2日目は雨天のため、昼の野外イベントは中止となってしまいましたが、夜のJZ Clubは1日目と同様に大盛況でした。

今回の上海公演、とても刺激的であっという間の2日間でした。
またすぐにでも中国に行けたらなとの思いを込めて、今回の旅で換金した人民元は円に戻さずに帰ってきました。(笑)
再見!!!

中村恵介 Keisuke Nakamura
1977年生まれ。

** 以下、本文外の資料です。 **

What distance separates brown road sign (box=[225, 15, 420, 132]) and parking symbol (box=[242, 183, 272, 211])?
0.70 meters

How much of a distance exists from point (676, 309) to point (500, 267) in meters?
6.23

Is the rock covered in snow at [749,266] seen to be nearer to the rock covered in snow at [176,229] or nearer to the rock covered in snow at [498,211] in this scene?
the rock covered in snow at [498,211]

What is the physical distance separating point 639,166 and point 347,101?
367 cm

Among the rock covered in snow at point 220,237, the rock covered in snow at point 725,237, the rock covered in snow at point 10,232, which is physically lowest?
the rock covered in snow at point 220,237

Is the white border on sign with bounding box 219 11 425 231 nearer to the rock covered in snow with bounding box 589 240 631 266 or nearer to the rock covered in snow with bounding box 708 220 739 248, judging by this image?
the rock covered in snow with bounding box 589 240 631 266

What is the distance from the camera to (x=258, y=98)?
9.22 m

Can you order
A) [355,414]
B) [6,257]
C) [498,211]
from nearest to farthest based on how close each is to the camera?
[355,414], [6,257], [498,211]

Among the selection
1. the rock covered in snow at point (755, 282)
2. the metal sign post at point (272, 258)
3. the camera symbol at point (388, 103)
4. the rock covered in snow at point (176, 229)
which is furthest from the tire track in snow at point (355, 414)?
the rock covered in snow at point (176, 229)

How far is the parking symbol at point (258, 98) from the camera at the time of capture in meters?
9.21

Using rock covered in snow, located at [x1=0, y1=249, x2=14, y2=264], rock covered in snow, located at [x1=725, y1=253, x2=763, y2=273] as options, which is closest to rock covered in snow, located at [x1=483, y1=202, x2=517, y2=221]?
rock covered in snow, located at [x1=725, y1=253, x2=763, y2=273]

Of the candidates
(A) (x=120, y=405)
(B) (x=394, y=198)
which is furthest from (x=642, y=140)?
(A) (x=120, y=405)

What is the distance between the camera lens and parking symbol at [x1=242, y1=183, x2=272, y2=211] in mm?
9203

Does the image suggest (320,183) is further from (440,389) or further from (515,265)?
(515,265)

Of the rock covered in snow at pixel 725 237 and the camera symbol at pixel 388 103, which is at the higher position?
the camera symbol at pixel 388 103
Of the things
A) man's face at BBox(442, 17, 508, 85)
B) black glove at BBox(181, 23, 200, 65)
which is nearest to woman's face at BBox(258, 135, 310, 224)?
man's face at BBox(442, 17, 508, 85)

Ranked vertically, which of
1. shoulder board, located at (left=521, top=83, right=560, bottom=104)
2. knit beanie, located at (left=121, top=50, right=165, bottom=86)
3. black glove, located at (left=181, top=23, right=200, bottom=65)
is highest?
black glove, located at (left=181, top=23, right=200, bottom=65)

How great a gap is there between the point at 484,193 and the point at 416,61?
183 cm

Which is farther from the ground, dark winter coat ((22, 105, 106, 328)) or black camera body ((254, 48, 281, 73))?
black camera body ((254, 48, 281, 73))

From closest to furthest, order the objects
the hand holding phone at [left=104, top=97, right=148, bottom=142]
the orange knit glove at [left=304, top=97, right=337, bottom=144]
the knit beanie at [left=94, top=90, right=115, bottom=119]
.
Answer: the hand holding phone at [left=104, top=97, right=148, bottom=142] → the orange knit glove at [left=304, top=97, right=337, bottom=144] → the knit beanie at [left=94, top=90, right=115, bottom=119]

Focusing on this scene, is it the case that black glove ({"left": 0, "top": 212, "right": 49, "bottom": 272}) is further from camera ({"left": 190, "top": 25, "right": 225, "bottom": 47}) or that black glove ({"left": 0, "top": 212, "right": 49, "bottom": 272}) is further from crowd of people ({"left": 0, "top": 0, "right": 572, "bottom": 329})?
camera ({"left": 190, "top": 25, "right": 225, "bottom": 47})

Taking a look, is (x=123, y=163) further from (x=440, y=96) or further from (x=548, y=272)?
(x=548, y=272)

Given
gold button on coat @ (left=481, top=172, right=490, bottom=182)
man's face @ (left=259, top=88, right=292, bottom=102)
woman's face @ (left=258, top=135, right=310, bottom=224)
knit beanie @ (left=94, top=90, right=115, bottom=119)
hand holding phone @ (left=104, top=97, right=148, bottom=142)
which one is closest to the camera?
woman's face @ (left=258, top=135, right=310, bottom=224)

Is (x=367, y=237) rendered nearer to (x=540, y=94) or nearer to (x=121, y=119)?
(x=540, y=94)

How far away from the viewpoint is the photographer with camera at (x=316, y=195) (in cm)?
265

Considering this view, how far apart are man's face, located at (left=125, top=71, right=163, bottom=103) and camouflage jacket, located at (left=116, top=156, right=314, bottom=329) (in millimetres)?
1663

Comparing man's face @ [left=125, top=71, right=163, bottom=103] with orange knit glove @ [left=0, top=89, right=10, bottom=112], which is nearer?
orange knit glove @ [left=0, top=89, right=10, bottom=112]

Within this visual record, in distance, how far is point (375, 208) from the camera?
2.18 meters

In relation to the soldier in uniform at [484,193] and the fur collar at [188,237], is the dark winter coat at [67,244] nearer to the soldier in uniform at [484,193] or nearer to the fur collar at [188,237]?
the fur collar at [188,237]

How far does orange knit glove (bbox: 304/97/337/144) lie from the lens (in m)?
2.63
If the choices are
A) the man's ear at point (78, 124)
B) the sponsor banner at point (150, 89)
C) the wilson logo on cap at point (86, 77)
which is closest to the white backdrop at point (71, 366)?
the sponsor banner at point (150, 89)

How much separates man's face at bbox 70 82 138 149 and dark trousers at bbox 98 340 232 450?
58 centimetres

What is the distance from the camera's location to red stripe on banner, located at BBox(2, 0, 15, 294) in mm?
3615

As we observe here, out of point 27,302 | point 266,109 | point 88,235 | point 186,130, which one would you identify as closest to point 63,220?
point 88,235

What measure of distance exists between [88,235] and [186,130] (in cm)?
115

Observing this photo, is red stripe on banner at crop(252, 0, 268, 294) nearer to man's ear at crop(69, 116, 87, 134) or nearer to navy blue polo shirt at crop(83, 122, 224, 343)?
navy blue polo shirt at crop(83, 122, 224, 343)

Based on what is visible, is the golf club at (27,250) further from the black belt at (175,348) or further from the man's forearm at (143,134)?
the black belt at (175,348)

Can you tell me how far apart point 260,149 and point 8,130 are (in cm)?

神奈川県横浜市出身。
横浜市立港南台第一中学校の、ジャズオーケストラ部でトランペットを始める。
1996年、東海大学に入学しジャズ研に所属。
99年に早稲田大学ハイソサエティーオーケストラに在籍し、第30回山野BIGBAND JAZZ CONTESTで優勝。
同バンド引退後プロ活動を開始し、自身のバンドを結成。
2001年吉祥寺JAZZ CONTESTグランプリ、2001年浅草JAZZ CONTEST金賞をそれぞれ受賞。
日本を代表する様々なミュージシャンと共演し、特に鈴木勲、日野皓正、両氏との出会いによって、日本人にしか出来ないジャズのスタイルに確信を持つようになる。
2014年、デビュー・アルバム『HUMADOPE』をリリース。
現在、自身のバンド「Humadope」「Erectlik Jazz Riot」をはじめ、鈴木勳「OMASOUND」、鈴木良雄「GENERATION GAP」等、様々なバンドで活躍中。
現在までの主な共演ミュージシャンは、鈴木勳、本田竹広、鈴木良雄、日野皓正、多田誠司、大坂昌彦、日野賢二、本田珠也、山中千尋、等多数(敬称略)。